RNNs are specialized architectures for sequential data. The key idea is to leverage parameter sharing which has two benefits : the sequence length can be one not found in the training set and that we maintain the statistical power of learned features across all time steps (we don’t have to learn the same features again and again).

1-D Convolutions also use parameter sharing by using features in the neighborhood. On the other hand, RNNs repeatedly apply the same operation to the input.

Computational Graphs

RNN Computational graphs can contain cycles. Therefore, we unfold the graph completely so that it contains no cycles. The equation for a RNN is : $h^t = f(h^{(t-1)}, x^t, \theta)$

RNNs

RNNs are universal i.e they can simulate a Turing machine (See references on Page 379 for proof).

The forward propagation equations are (we start with $h^{(0)}$) :

  • $a^t = b^t + Wh^{(t-1)} + Ux^t$
  • $h^t = tanh(a^t)$ Note: Tanh is assumed to be the activation
  • $o^t = c + Vh^t$
  • $\hat{y}^t = softmax(o^t)$ Note: we apply softmax when we need to discretize the output (we get probabilities as output)

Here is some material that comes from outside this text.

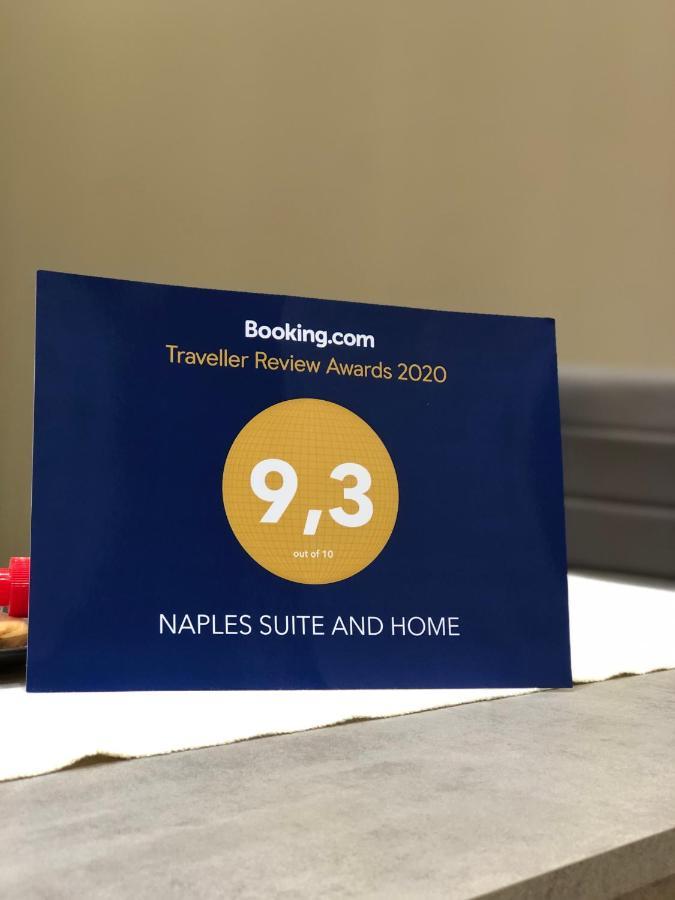 Nsh Apparthotel, Centro * Naples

The Loss is the total loss over the entire sequence. Thus, The likelihood is the $y^t$ entry in the output of the softmax.

BPTT has linear costs in both memory (we need prep state for forward pass) and time (cannot be parallelized due to sequential nature).

After unrolling the computation graph, BPTT is the same as regular backdrop. The only gotcha is that internal parameters of the RNN cell have gradients across time steps which need to be summed up.